EXERCISE:
What needs reproducing is the run of lines in the data below starting at the line with "Now you can" and ending at the line with "And then lastly, run", both ends included. Copy it exactly, without pictures, and add nothing.

(INFORMATION GIVEN Opens)

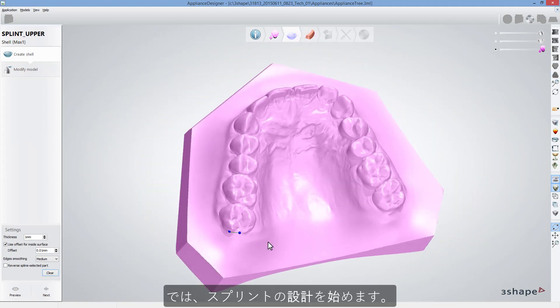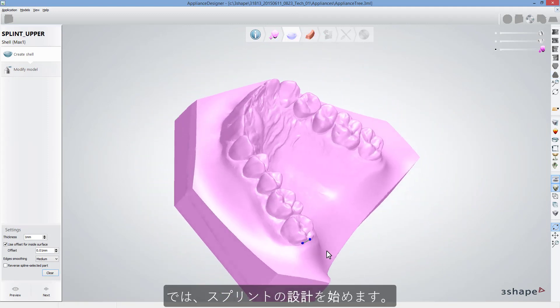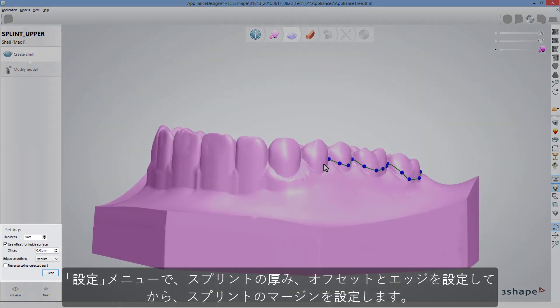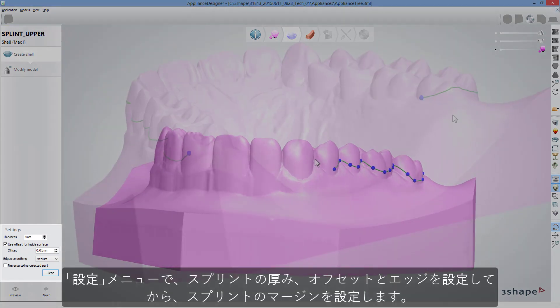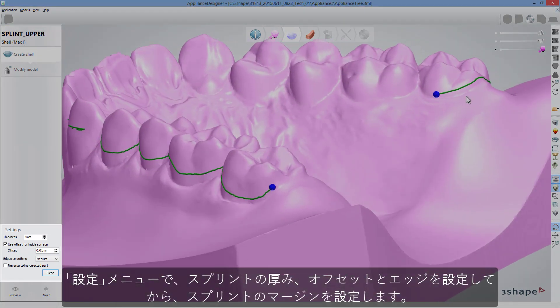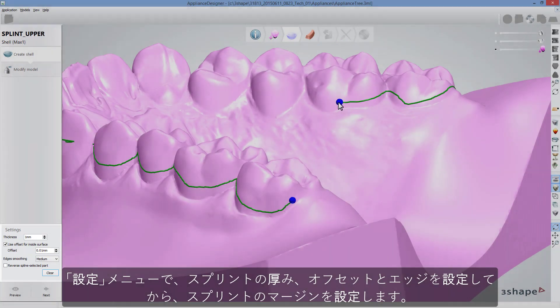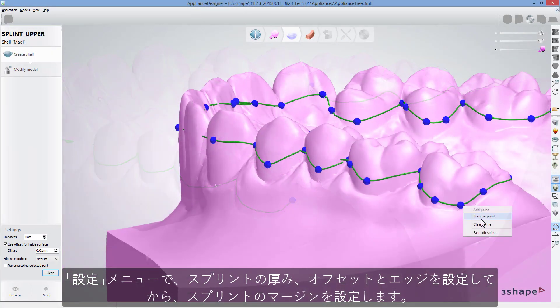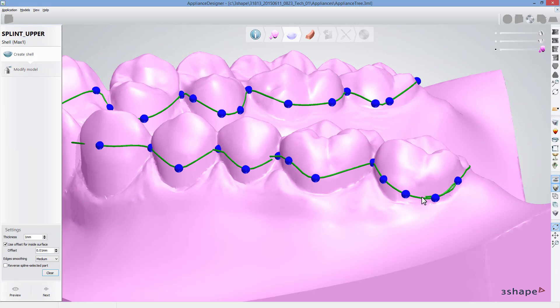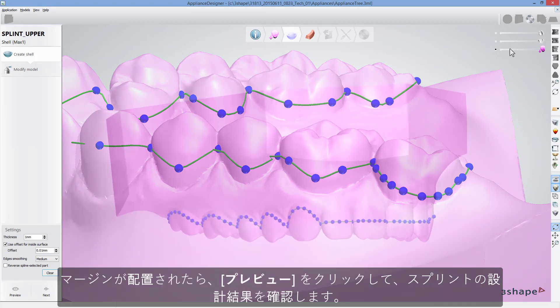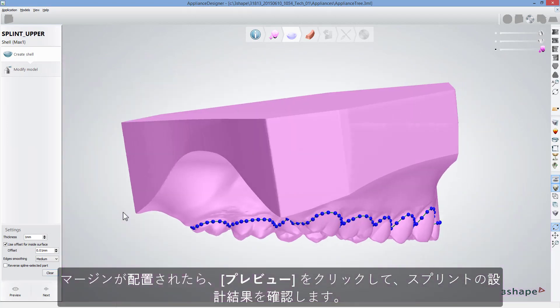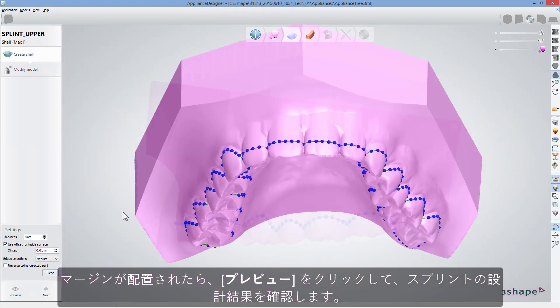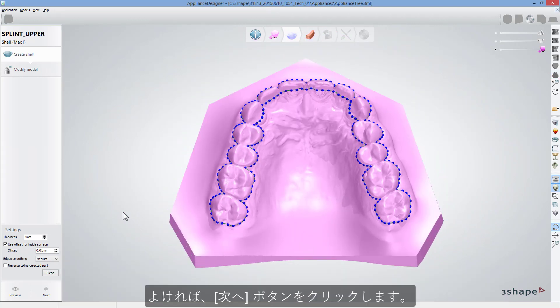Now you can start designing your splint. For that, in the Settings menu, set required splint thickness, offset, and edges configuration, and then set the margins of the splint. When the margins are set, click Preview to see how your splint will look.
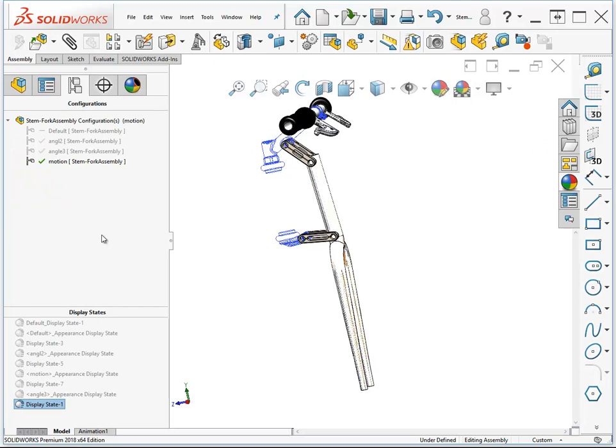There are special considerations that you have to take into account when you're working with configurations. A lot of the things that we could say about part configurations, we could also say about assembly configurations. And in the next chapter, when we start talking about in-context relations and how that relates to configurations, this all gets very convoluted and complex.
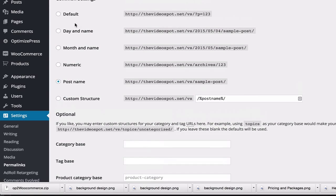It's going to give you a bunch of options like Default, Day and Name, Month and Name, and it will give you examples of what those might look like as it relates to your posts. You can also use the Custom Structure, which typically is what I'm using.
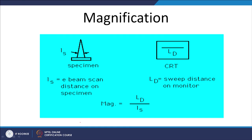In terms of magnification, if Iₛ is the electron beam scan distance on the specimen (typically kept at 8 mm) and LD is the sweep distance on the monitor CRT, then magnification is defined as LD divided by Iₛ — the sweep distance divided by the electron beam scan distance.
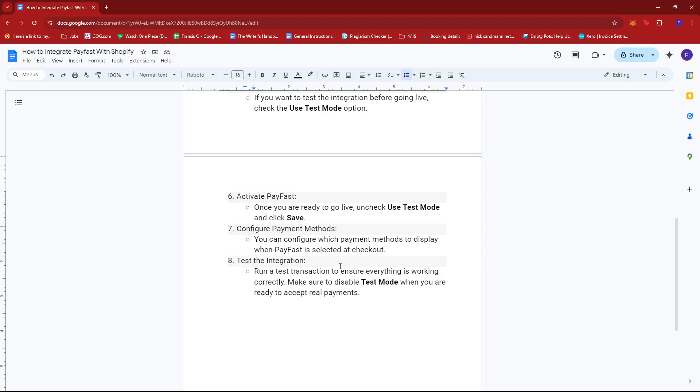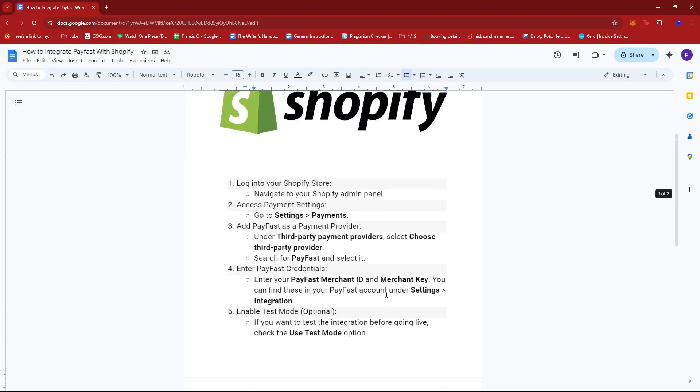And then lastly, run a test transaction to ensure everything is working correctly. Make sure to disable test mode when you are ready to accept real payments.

(INFORMATION GIVEN Closes)
(INFORMATION GIVEN Opens)

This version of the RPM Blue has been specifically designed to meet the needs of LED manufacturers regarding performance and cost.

(INFORMATION GIVEN Closes)

RESPONSE BOX:
Now you can start designing your splint. For that, in the Settings menu, set required splint thickness, offset, and edges configuration, and then set the margins of the splint. When the margins are set, click Preview to see how your splint will look.
There are special considerations that you have to take into account when you're working with configurations. A lot of the things that we could say about part configurations, we could also say about assembly configurations. And in the next chapter, when we start talking about in-context relations and how that relates to configurations, this all gets very convoluted and complex.
It's going to give you a bunch of options like Default, Day and Name, Month and Name, and it will give you examples of what those might look like as it relates to your posts. You can also use the Custom Structure, which typically is what I'm using.
In terms of magnification, if Iₛ is the electron beam scan distance on the specimen (typically kept at 8 mm) and LD is the sweep distance on the monitor CRT, then magnification is defined as LD divided by Iₛ — the sweep distance divided by the electron beam scan distance.
And then lastly, run a test transaction to ensure everything is working correctly. Make sure to disable test mode when you are ready to accept real payments.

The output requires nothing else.